## What to produce:
Here the answer should be the line with "queenstropicals's tweet photo." and all the lines after it through the end of the listing, each repeated exactly, and no other text.
(Provided data)
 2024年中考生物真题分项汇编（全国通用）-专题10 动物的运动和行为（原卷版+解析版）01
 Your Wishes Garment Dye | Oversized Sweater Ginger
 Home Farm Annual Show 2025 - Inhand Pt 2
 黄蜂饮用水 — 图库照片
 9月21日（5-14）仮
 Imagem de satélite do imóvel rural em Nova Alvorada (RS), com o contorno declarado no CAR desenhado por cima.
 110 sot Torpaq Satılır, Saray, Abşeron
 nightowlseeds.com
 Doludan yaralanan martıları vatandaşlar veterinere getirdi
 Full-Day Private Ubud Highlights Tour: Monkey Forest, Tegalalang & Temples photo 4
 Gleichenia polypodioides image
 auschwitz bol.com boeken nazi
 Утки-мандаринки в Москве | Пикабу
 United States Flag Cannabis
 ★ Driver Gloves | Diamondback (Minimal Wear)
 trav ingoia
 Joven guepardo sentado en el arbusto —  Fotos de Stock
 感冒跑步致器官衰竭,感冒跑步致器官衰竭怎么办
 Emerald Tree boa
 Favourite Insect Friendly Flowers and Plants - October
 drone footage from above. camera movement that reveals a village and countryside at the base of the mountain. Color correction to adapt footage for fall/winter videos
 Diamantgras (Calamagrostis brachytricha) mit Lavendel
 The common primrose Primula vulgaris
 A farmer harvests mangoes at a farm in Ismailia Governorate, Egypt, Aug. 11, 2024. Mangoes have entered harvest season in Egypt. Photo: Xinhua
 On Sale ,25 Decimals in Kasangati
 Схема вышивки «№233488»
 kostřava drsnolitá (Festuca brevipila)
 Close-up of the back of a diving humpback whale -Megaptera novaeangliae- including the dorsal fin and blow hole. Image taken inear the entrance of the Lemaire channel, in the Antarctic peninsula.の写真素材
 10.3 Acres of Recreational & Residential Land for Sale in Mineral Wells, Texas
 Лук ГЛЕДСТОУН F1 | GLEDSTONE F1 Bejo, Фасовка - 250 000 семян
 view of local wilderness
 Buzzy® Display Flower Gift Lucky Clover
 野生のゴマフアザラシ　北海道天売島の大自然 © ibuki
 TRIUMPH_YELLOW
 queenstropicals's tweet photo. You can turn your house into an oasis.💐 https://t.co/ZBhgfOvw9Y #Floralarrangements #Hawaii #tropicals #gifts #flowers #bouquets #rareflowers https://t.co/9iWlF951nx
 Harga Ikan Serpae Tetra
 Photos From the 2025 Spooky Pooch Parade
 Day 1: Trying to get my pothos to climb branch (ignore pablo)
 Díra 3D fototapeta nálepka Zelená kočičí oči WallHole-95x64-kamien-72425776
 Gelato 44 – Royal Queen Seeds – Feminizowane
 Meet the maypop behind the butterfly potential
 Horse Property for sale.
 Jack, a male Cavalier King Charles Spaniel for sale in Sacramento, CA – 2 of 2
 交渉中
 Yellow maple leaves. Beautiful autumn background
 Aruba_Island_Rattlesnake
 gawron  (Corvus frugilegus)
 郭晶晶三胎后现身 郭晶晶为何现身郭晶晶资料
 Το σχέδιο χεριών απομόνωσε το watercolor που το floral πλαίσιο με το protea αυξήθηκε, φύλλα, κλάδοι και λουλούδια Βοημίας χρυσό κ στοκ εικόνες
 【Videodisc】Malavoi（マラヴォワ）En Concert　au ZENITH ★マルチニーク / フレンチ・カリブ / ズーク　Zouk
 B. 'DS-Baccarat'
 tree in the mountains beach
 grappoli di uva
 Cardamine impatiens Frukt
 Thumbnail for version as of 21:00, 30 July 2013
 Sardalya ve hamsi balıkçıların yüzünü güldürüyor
(End Provided data)
## Task response:
 queenstropicals's tweet photo. You can turn your house into an oasis.💐 https://t.co/ZBhgfOvw9Y #Floralarrangements #Hawaii #tropicals #gifts #flowers #bouquets #rareflowers https://t.co/9iWlF951nx
 Harga Ikan Serpae Tetra
 Photos From the 2025 Spooky Pooch Parade
 Day 1: Trying to get my pothos to climb branch (ignore pablo)
 Díra 3D fototapeta nálepka Zelená kočičí oči WallHole-95x64-kamien-72425776
 Gelato 44 – Royal Queen Seeds – Feminizowane
 Meet the maypop behind the butterfly potential
 Horse Property for sale.
 Jack, a male Cavalier King Charles Spaniel for sale in Sacramento, CA – 2 of 2
 交渉中
 Yellow maple leaves. Beautiful autumn background
 Aruba_Island_Rattlesnake
 gawron  (Corvus frugilegus)
 郭晶晶三胎后现身 郭晶晶为何现身郭晶晶资料
 Το σχέδιο χεριών απομόνωσε το watercolor που το floral πλαίσιο με το protea αυξήθηκε, φύλλα, κλάδοι και λουλούδια Βοημίας χρυσό κ στοκ εικόνες
 【Videodisc】Malavoi（マラヴォワ）En Concert　au ZENITH ★マルチニーク / フレンチ・カリブ / ズーク　Zouk
 B. 'DS-Baccarat'
 tree in the mountains beach
 grappoli di uva
 Cardamine impatiens Frukt
 Thumbnail for version as of 21:00, 30 July 2013
 Sardalya ve hamsi balıkçıların yüzünü güldürüyor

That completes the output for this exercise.